Re: libpq's multi-threaded SSL callback handling is busted

From: Andres Freund <andres(at)2ndquadrant(dot)com>
To: Jan Urbański <wulczer(at)wulczer(dot)org>
Cc: Pg Hackers <pgsql-hackers(at)postgresql(dot)org>
Subject: Re: libpq's multi-threaded SSL callback handling is busted
Date: 2015-02-12 09:46:01
Message-ID: 20150212094601.GW21017@alap3.anarazel.de
Views: Raw Message | Whole Thread | Download mbox | Resend email
Thread:
Lists: pgsql-hackers

On 2015-02-12 09:31:27 +0100, Jan Urbański wrote:
>
> Andres Freund writes:
>
> > On 2015-02-09 18:17:14 +0100, Jan Urbański wrote:
> >> First of all, the current behaviour is crazy. We're setting and unsetting the
> >> locking callback every time a connection is made/closed, which is not how
> >> OpenSSL is supposed to be used. The *application* using libpq should set a
> >> callback before it starts threads, it's no business of the library's.
> >
> > I don't buy this argument at all. Delivering a libpq that's not
> > threadsafe in some circumstances is a really bad idea.
>
> I knew this would be a hard sell :( What I know is that the current situation
> is not good and leaving it as-is causes real grief.

It certainly causes less grief than just breaking working
applications. While really shitty the current situation works in a large
number of scenarios. It's not that common to have several users of
openssl in an application *and* unload libpq.

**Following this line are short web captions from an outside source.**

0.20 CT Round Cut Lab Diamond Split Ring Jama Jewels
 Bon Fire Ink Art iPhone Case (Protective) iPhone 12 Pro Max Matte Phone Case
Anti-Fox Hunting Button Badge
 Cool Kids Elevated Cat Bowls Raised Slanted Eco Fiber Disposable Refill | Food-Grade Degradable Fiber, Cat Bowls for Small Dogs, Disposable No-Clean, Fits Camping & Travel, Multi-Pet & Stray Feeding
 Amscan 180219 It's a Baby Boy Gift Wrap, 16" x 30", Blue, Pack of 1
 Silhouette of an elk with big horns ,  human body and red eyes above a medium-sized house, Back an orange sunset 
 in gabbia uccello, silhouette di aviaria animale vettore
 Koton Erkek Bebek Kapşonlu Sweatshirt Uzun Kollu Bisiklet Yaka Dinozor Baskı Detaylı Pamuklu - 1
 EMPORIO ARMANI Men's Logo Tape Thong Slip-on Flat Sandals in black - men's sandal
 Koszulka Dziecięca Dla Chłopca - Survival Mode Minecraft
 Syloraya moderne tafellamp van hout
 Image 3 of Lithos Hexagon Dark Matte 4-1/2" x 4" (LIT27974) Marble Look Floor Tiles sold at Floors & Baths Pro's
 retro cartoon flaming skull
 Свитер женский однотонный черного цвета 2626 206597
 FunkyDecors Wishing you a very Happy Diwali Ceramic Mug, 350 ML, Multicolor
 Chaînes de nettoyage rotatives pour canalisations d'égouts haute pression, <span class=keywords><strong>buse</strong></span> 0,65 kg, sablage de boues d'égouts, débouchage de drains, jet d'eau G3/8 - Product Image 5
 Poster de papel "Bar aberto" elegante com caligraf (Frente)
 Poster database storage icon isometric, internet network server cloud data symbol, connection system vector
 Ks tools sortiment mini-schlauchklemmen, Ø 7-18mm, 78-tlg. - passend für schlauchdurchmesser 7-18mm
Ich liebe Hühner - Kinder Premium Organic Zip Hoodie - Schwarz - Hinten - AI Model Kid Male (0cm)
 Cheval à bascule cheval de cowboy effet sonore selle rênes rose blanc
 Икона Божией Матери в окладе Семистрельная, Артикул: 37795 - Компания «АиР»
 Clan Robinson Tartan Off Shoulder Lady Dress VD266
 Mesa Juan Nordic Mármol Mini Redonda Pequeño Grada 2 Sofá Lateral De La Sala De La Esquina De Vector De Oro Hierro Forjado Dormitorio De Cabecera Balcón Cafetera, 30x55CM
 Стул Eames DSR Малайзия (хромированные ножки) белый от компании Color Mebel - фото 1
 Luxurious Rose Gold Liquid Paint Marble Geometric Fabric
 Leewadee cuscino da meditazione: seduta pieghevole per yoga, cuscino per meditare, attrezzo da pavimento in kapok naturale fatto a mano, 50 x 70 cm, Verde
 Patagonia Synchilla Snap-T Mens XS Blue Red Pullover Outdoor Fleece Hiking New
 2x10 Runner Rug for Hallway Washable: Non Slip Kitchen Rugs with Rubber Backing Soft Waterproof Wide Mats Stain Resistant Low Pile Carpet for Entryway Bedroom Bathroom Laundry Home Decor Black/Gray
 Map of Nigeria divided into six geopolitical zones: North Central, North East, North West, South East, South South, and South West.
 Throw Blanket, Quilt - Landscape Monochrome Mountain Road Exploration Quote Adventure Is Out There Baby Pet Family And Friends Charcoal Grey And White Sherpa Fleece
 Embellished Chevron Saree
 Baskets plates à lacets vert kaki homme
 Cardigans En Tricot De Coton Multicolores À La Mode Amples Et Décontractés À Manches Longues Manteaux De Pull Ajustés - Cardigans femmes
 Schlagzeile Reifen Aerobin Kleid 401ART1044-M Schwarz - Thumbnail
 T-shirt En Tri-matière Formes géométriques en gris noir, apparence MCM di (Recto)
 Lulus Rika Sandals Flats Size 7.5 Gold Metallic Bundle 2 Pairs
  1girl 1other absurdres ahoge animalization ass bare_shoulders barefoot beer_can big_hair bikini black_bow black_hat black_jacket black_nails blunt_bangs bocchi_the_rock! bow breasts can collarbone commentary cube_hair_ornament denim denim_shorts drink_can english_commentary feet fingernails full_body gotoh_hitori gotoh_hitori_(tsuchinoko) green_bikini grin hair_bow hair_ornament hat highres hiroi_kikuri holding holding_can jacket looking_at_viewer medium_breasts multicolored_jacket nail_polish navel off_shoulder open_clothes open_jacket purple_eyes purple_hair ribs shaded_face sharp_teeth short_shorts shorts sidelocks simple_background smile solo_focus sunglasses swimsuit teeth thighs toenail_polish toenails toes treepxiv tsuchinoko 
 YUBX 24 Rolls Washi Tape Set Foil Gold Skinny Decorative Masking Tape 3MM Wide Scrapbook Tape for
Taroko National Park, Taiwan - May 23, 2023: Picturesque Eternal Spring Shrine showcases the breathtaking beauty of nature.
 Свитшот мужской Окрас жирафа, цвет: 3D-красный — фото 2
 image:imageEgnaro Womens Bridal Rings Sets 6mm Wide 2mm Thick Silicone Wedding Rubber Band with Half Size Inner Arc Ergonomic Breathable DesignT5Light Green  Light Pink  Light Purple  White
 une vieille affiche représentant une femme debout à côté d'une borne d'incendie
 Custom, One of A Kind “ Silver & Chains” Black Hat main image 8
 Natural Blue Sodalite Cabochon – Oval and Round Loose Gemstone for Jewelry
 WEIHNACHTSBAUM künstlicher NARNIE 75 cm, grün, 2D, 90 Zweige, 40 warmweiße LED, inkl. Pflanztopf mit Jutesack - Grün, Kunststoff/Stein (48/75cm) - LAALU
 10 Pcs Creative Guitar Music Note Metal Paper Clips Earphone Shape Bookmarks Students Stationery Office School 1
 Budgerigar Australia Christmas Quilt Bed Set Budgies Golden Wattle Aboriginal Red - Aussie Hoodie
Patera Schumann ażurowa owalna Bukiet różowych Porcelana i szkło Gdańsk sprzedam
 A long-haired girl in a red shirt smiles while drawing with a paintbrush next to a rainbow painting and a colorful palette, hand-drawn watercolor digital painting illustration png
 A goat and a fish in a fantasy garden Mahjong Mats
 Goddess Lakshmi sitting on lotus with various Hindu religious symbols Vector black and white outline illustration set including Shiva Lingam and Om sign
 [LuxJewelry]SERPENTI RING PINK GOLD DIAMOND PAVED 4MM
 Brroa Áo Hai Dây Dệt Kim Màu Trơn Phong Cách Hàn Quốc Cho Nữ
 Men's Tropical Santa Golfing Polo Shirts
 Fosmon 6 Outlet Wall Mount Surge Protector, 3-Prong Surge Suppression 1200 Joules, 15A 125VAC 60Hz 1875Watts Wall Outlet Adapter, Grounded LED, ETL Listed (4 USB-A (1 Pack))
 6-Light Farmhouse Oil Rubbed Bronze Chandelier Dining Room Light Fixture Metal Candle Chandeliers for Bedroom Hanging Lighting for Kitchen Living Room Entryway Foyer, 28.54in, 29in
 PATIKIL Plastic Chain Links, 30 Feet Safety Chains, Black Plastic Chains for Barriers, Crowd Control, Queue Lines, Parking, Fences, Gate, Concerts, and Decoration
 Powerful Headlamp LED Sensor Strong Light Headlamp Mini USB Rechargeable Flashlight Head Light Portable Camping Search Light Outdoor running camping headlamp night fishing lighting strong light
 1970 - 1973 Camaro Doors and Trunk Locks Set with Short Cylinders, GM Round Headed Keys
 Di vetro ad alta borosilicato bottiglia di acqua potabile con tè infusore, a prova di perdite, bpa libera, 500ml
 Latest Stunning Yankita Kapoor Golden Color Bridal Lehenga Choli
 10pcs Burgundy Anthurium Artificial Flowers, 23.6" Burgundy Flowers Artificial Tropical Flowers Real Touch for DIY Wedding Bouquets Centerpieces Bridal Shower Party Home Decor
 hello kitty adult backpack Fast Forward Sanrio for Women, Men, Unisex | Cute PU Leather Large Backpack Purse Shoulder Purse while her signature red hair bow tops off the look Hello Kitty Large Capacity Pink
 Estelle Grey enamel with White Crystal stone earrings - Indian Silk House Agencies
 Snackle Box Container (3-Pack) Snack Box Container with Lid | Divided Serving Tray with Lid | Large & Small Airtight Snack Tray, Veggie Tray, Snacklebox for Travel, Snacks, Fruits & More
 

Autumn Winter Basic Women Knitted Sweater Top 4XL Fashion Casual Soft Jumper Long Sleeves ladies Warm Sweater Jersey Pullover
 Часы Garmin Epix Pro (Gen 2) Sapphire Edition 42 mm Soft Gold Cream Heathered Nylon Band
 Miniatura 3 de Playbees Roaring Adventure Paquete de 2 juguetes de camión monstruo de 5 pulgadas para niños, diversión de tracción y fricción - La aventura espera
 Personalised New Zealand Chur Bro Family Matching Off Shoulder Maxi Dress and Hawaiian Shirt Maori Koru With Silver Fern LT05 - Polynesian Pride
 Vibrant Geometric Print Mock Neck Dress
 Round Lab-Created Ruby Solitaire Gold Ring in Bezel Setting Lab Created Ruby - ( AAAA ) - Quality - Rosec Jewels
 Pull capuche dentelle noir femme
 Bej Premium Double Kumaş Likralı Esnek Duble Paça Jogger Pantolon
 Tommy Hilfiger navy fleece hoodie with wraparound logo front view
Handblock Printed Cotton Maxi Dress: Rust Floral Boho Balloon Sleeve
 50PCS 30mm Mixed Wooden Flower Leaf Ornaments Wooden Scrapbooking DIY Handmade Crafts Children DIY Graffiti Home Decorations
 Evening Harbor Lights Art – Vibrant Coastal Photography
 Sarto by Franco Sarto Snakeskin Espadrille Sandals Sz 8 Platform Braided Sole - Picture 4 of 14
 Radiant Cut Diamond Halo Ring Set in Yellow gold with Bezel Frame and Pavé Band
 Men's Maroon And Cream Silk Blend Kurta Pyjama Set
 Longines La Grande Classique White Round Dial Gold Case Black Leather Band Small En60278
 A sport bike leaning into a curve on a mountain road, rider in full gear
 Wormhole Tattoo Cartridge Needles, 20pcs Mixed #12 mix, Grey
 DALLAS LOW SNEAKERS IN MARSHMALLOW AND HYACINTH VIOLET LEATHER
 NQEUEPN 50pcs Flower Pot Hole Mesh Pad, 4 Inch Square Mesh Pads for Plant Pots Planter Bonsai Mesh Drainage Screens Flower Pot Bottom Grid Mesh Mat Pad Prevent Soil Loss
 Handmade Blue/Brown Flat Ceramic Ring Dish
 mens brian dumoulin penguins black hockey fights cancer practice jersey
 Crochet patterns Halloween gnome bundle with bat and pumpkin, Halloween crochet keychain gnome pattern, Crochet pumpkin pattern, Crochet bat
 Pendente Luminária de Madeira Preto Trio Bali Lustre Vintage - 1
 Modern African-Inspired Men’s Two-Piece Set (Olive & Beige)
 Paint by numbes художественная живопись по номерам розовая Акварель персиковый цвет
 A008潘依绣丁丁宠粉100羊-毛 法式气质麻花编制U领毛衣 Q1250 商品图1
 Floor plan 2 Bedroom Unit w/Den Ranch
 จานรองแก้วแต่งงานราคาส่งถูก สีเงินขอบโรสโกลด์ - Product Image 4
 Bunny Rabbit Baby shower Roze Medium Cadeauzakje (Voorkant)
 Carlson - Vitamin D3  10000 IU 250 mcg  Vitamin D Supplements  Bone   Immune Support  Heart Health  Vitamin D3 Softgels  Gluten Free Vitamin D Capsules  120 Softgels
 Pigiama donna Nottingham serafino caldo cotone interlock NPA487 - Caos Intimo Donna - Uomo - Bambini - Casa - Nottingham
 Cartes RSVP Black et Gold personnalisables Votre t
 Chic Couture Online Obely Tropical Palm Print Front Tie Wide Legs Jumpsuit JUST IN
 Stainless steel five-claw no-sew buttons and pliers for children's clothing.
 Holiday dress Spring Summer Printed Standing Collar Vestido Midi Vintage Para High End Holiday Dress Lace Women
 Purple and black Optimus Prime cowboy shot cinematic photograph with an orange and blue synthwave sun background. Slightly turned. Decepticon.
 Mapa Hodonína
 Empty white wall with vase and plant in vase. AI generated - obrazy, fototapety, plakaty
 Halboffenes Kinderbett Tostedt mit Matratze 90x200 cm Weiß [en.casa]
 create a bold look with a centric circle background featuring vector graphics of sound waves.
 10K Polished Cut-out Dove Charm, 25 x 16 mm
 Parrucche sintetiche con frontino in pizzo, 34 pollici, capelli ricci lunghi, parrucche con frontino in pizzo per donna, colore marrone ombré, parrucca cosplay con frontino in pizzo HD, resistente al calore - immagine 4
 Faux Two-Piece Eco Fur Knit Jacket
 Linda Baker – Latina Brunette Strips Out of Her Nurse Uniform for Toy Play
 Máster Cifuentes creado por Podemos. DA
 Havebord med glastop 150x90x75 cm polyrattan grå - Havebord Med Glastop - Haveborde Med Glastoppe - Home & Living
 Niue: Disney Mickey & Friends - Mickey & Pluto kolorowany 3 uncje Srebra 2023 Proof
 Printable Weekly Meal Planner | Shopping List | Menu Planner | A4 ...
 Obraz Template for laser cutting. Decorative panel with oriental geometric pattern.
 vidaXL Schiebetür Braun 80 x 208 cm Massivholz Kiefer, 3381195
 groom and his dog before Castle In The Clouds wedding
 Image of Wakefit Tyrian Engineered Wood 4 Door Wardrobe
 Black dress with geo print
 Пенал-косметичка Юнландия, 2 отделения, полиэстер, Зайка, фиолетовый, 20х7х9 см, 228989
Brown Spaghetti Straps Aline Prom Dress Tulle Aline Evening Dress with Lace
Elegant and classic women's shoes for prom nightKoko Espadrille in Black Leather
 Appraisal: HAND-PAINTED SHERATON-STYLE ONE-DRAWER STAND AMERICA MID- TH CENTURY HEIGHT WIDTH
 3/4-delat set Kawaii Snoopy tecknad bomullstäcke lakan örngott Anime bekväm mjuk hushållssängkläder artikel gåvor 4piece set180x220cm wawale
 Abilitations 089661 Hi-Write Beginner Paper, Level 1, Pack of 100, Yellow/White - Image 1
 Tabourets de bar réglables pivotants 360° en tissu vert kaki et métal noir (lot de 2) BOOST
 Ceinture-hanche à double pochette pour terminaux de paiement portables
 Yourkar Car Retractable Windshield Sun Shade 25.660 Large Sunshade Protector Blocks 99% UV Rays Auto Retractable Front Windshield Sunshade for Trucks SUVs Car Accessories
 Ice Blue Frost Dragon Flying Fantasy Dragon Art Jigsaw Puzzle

> > I fail to see why it's any better to do it in the VM. That relies on
> > either always loading the VM's openssl module, even if you don't
> > actually need it because the library you use deals with openssl. It
> > prevents other implementations of openssl in the VM.
>
> The callbacks are a thing that's owned by the application, so libraries have no
> business in setting them up. The way OpenSSL's API is specified (very
> unfortunately IMHO) is that before you use OpenSSL from threads, you need to
> set the callbacks. If you don't control your application's startup (like when
> you're a script executed through a VM), you assume the VM took care of it at
> startup. If you're a library, you assume the user took care of it, as they
> should.

That's a bogus argument. The VM cannot setup up every library in the
world in a correct way. It'd be obviously be completely insane to load
the ssl module in every library just because some part of some random
application might need it. In fact, the ssl library for python does
pretty much the same thing as libpq does (although it's slightly more
careful). It's not the VM at all.

> > What I think we should do is the following:
> >
> > * Emphasize the fact that it's important to use PQinitSSL(false) if you
> > did things yourself.
>
> PQinitOpenSSL(true, false) if anything. The reason that function got introduced
> is precisely because PQinitSSL(false) isn't exactly right, see
> http://www.postgresql.org/message-id/49820D7D.7030902@esilo.com

Well, that really depends on what the application is actually using...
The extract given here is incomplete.